I think one reason for this is we are such a success-oriented people. The very idea of being last just doesn’t make sense to us. We assume that those who are last in this world got there because they never really tried hard enough. By contrast, most of us spend our whole lives trying to be first and best. We’re a “go big or go home” kind of people. It feels powerless to be last, and we don’t like feeling powerless. It strips us of our self-worth. It generates shame, which is more intense than guilt. Shame is the feeling there is something wrong with us at a basic level. It calls into question our very existence. Being last equates in our minds to the feeling that we’re just not good enough.
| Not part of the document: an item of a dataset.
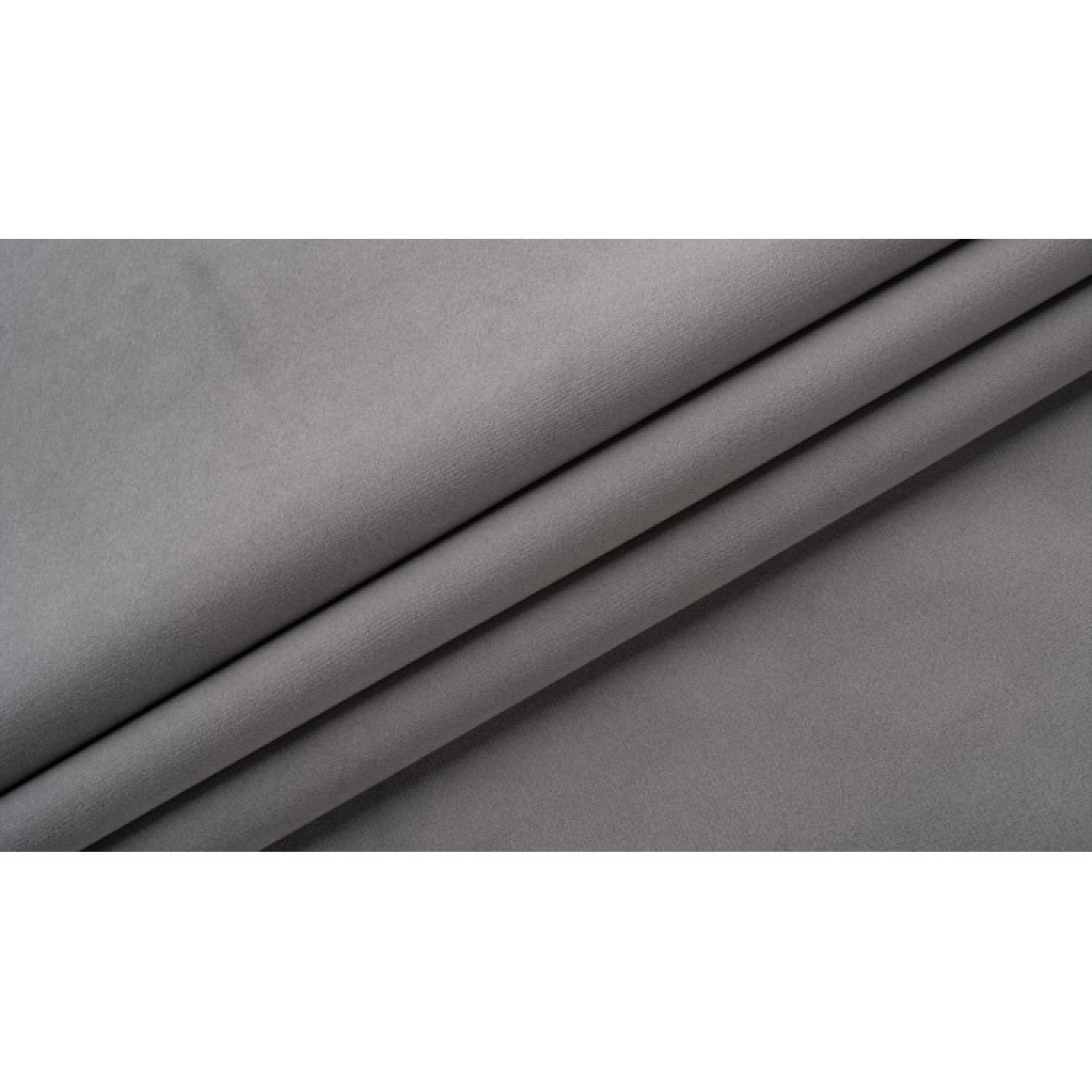 Тканина Жасмін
Our Gospel lesson for today brings together several episodes that may not seem to go together. It begins with Jesus, whom Peter has already confessed to be the Messiah, telling the disciples that he is going to be killed. In their minds, Messiahs don’t get killed; they conquer and liberate their people from their oppressors. The idea of a Messiah being killed simply made no sense to them. Messiah’s don’t get killed; they usher in the Kingdom of God on earth. I think when the Scripture says, “they did not understand what he was saying” (Mk. 9:32), it may be an understatement!
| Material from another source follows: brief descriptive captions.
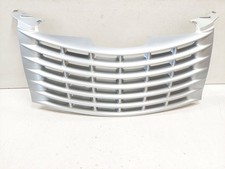 Griglia radiatore Chrysler PT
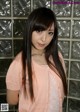 Rina Yuzuki - Brooke Prn Xxx P6 No.abd306 Image No. 13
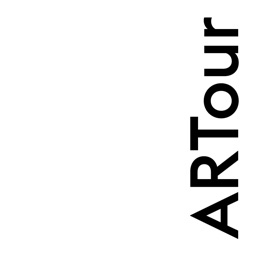 ARTour Basel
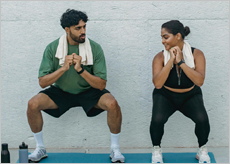 파란통 다이어트 맨올로지컷 프로 후기, 복용법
Hence the fact that in Mark’s Gospel, right after Jesus gives his disciples this somber news, they are engaged in an argument about “who was the greatest” (Mk. 9:34). In this context, the Scripture doesn’t specify the greatest at what. It simply says they were arguing about who was the greatest. Set alongside Jesus’ prediction of his impending death, that in and of itself seems odd. Matthew’s Gospel brings the disparity into sharper focus: there they asked Jesus outright, “Who is the greatest in the Kingdom of God?” (Matt. 18:1). It seems clearly implied that they thought the “greatest” had to be one of them! More than that, it illustrates their total lack of understand about what Jesus was trying to accomplish.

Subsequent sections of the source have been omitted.